I'm no great Android developer... in fact, I'm pretty new to serious Android dev work... but I've achieved a lot over the last few months... This is the first time I've ever done dev work like this ever (I've only done mods before)... I know so much more and I've been fortunate to have received so much positive feedback from the community here!! I really appreciate it!!

But a few days ago, Google announced the Nexus 10... and I could not help myself... to me, Nexus devices are like the Holy Grail!! I love the Prime, but getting a Nexus device out-weighs anything!!

So I decided to sell my Prime and get myself a Nexus 10... I have received and offer and finalised a deal and will be getting shipping out my Prime very soon!!

I hope someone can take over my work (hopefully the XDA Recognised dev who decided to buy my tablet) and get this merged back in CM10, AOKP & Blackbean...

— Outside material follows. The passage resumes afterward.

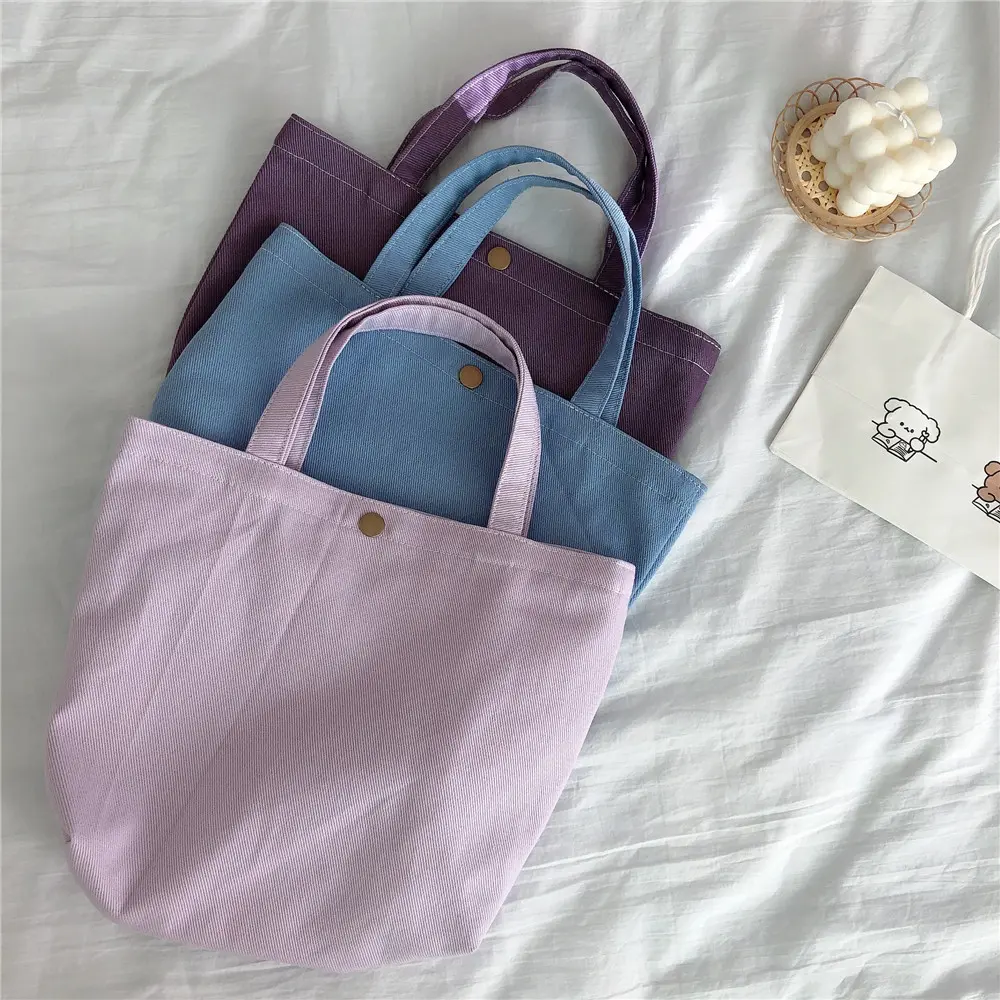 Morandi Color Twill Canvas Bag Hand-held Small Square Bag Simple Cloth Bag Low Saturation Color Shoulder Bag Shopping Bag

So here's wishing you all the very best with everything!! You guys have been amazing!!

The best quote which sums up my experience with the Prime & the Prime community is: "You never leave someone/something behind, you take a part of them/it with you and leave a part of yourself behind."

It's all said and done, it's real, and it's been fun!!


----------



## Adrioid (Jun 21, 2011)

Going to miss your work. Thanks for all the ROMs you've put out in the last couple of days!

Sent from my Thunderbolt!


----------



## andrewjt19 (Oct 27, 2011)

Bro. I owe you a ton... you helped me get my Prime unbricked and offered great advice through the whole process. I still will donate to your cause for Android Don. I haven't forgotten and am grateful. Thanks 
Andrew

Sent from my Transformer Prime TF201 using RootzWiki


----------



## Gremlin001 (Oct 1, 2012)

Well I have to admit this saddens me. I have found your unofficial cm10 ROM the most stable and useable one for my purposes. For that I thank you. Your work on the Prime has actually made mine fun to use.


----------



## Ironlion45 (Sep 3, 2012)

Well that was sudden.

Thanks for the cool mods, though! We do appreciate all the work you've put into them.

I wouldn't rush to the nexus 10 though. I think the lack of an SD card is really going to handicap these Nexus tablets at the end of the day.


----------



## craigacgomez (Jan 17, 2012)

Ironlion45 said:


> Well that was sudden.
> 
> Thanks for the cool mods, though! We do appreciate all the work you've put into them.
> 
> I wouldn't rush to the nexus 10 though. I think the lack of an SD card is really going to handicap these Nexus tablets at the end of the day.


I don't really need to extra space... 16GB is quite enough for me to be honest... I never used more than that even on my Prime!! OTG is always there for the unexpected situations...


----------



## hpower1 (Nov 7, 2012)

Noooooooooo!


----------



## bigzaqui (Nov 10, 2012)

thanks for all your hard work, Thanks to you I've made so many things on my TP...just thanks man


----------